__Exercise inputs__
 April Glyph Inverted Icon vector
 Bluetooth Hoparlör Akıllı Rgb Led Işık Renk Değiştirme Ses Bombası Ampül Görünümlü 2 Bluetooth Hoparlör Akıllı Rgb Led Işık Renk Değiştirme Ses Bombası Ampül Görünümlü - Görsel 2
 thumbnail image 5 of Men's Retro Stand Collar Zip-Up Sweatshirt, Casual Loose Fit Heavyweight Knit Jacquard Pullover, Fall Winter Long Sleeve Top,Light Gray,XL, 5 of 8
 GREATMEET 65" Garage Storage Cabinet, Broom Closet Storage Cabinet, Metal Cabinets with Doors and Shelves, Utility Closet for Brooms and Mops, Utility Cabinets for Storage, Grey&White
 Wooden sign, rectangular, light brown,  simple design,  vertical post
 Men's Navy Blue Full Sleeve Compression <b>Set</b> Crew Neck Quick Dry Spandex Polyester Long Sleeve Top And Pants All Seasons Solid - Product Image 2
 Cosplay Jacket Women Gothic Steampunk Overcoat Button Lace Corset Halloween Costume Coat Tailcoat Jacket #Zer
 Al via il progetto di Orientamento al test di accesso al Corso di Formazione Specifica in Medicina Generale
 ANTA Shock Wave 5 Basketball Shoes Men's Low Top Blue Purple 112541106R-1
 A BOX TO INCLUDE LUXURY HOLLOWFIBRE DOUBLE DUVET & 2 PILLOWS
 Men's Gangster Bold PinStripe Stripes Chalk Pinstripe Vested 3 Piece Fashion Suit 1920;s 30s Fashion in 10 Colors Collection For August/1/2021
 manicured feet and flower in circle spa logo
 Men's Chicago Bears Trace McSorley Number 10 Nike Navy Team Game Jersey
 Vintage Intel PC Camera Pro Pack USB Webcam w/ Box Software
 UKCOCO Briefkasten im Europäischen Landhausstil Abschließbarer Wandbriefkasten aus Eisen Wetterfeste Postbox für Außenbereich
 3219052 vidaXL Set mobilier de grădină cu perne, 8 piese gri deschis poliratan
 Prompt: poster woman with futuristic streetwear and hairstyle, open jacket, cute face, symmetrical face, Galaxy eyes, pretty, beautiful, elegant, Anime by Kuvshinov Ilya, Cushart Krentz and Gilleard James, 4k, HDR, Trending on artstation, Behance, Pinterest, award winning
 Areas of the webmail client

__Exercise aim__
Exactly as they appear, restate all of the entries.

__Completed task__
 April Glyph Inverted Icon vector
 Bluetooth Hoparlör Akıllı Rgb Led Işık Renk Değiştirme Ses Bombası Ampül Görünümlü 2 Bluetooth Hoparlör Akıllı Rgb Led Işık Renk Değiştirme Ses Bombası Ampül Görünümlü - Görsel 2
 thumbnail image 5 of Men's Retro Stand Collar Zip-Up Sweatshirt, Casual Loose Fit Heavyweight Knit Jacquard Pullover, Fall Winter Long Sleeve Top,Light Gray,XL, 5 of 8
 GREATMEET 65" Garage Storage Cabinet, Broom Closet Storage Cabinet, Metal Cabinets with Doors and Shelves, Utility Closet for Brooms and Mops, Utility Cabinets for Storage, Grey&White
 Wooden sign, rectangular, light brown,  simple design,  vertical post
 Men's Navy Blue Full Sleeve Compression <b>Set</b> Crew Neck Quick Dry Spandex Polyester Long Sleeve Top And Pants All Seasons Solid - Product Image 2
 Cosplay Jacket Women Gothic Steampunk Overcoat Button Lace Corset Halloween Costume Coat Tailcoat Jacket #Zer
 Al via il progetto di Orientamento al test di accesso al Corso di Formazione Specifica in Medicina Generale
 ANTA Shock Wave 5 Basketball Shoes Men's Low Top Blue Purple 112541106R-1
 A BOX TO INCLUDE LUXURY HOLLOWFIBRE DOUBLE DUVET & 2 PILLOWS
 Men's Gangster Bold PinStripe Stripes Chalk Pinstripe Vested 3 Piece Fashion Suit 1920;s 30s Fashion in 10 Colors Collection For August/1/2021
 manicured feet and flower in circle spa logo
 Men's Chicago Bears Trace McSorley Number 10 Nike Navy Team Game Jersey
 Vintage Intel PC Camera Pro Pack USB Webcam w/ Box Software
 UKCOCO Briefkasten im Europäischen Landhausstil Abschließbarer Wandbriefkasten aus Eisen Wetterfeste Postbox für Außenbereich
 3219052 vidaXL Set mobilier de grădină cu perne, 8 piese gri deschis poliratan
 Prompt: poster woman with futuristic streetwear and hairstyle, open jacket, cute face, symmetrical face, Galaxy eyes, pretty, beautiful, elegant, Anime by Kuvshinov Ilya, Cushart Krentz and Gilleard James, 4k, HDR, Trending on artstation, Behance, Pinterest, award winning
 Areas of the webmail client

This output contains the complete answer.